Tuesday, February 01, 2011

Phew...long time indeed

So much has happened since my last post that I don't quite know where to start. Life changing stuff is underway, not the least of which is that I have quit my job. Yes! Ladies and gentlemen I am officially a bored lady of leisure and let me tell you, its a tough life. Man! Who knew there is so much to do around the house!? And you dont even get paid for cleaning behind the fridge and organising the cabinets and labelling the kitchen jars. Gah!

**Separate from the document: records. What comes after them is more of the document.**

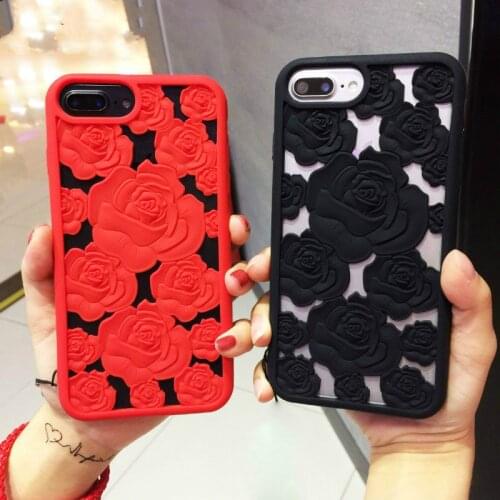Sexy 3D Rose Flowers Hollow-Out Funda Soft Silicone Back Cover Capa Coque Hull for iPhone 12/11 6 7 8 Plus XS Max XR Women Case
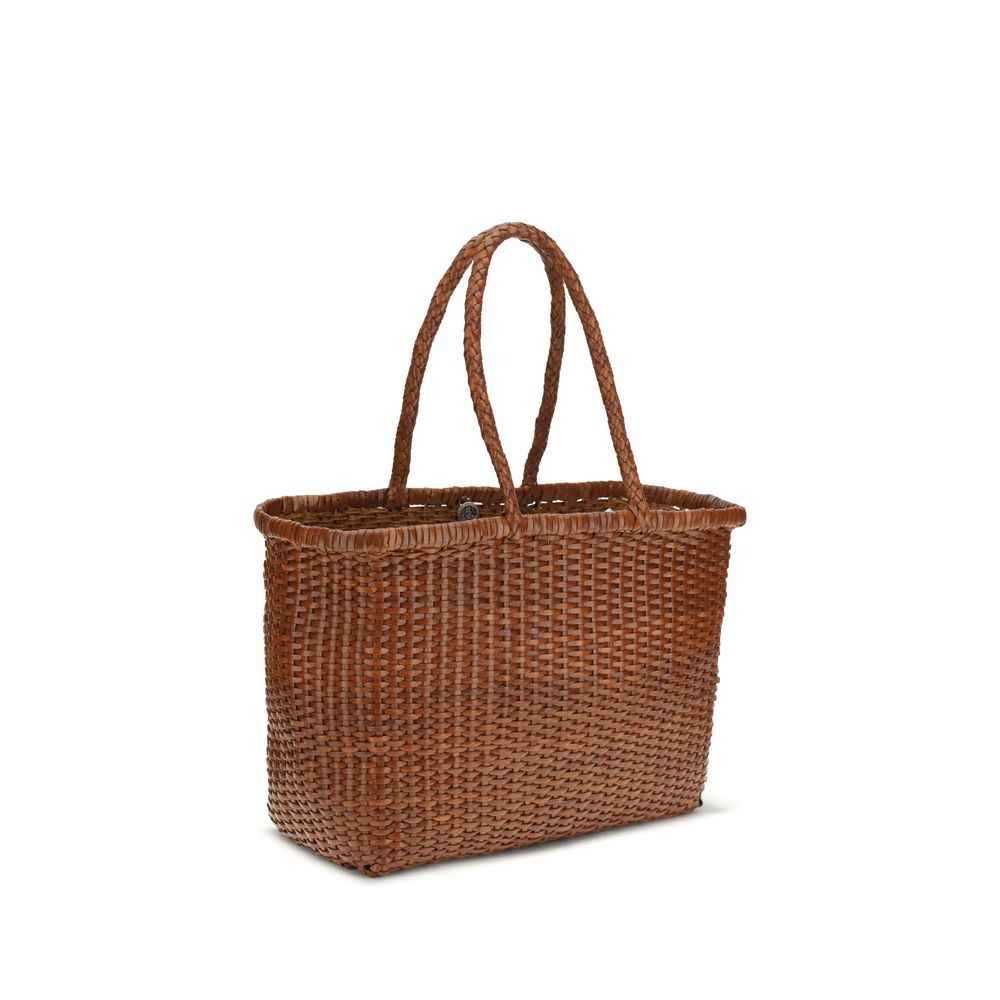 Dragon Diffusion Big Weave Tote Brown wicker tote bag front view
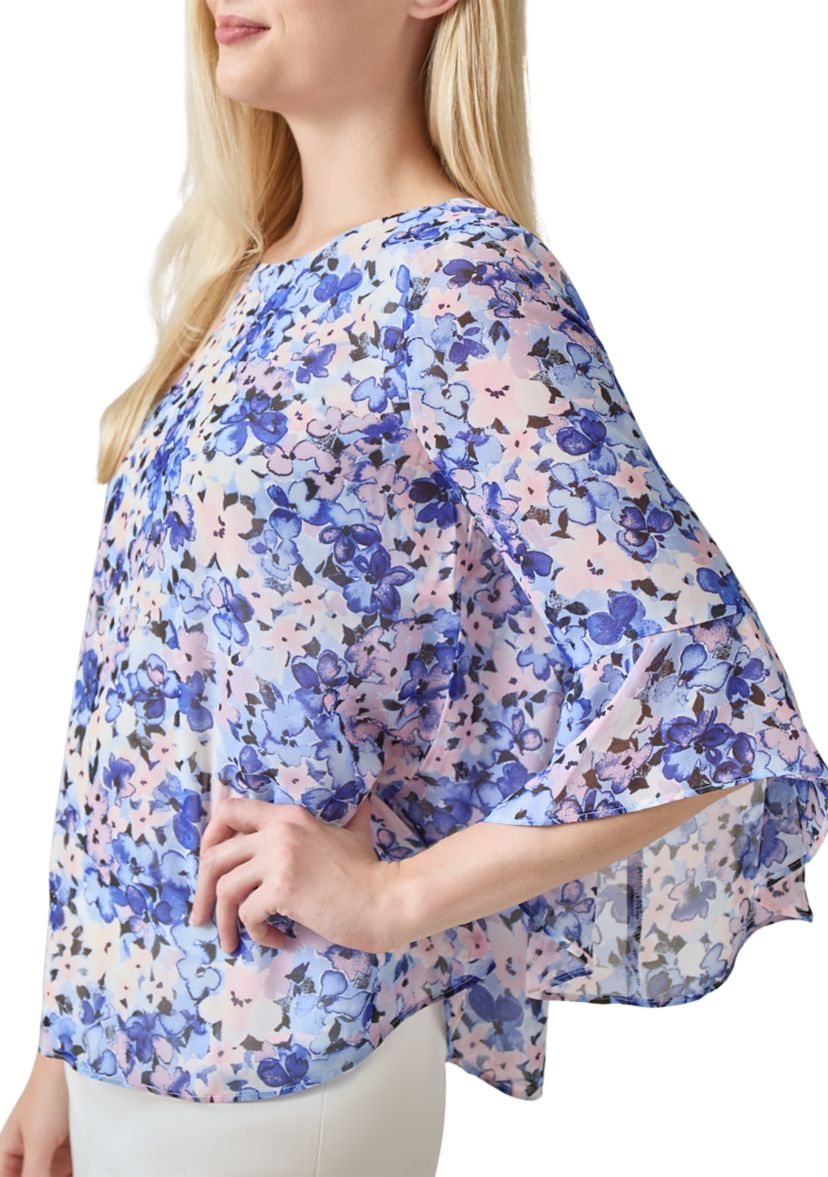 Petite Printed Ruffle Blouse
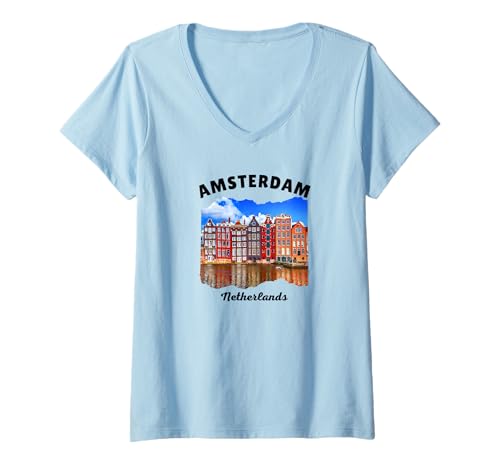 Damen Amsterdam - Niederlande/Holland - Amsterdam T-Shirt mit V-Ausschnitt Damen Amsterdam - Niederlande/Holland - Amsterdam T-Shirt mit V-Ausschnitt von Amsterdam Souvenirs Store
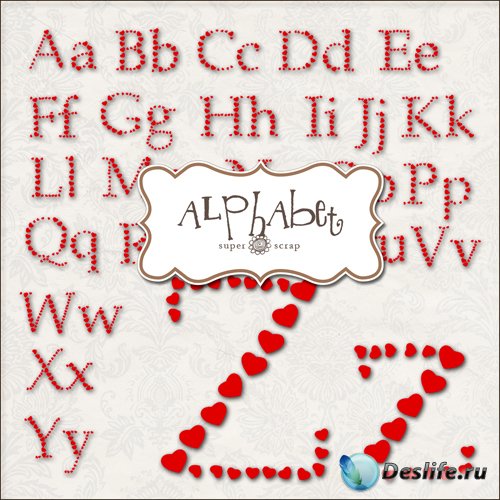 Скрап-набор - Любовный Алфавит из Сердец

People's reaction when I tell them I have quit my job are...interesting, for lack of a better word. Some assume that this is a temporary thing and I am definitely going to rejoin the workforce in a few months time. Some are overly enthusiastic about it. Some, like EB, tell me I'm a fool and I should have stuck it out for some more time and remind me (like I need to be reminded of this particular fact) in his kind sensitive manner of the amount of money I'm losing out on. None can argue on the reason behind my quitting without seeming heartless and insensitive..its that compelling a reason trust me, but some have this look on their faces, like they are thinking "Nyaka! As if noone else in the world had pregnancy complications". My mother, typically, oscillates between telling me that quitting my stressful crazy job was the best decision I have ever taken, and that it was the worst thing I could have done with my life...that I will be bored and depressed beyond belief and will deeply regret it soon.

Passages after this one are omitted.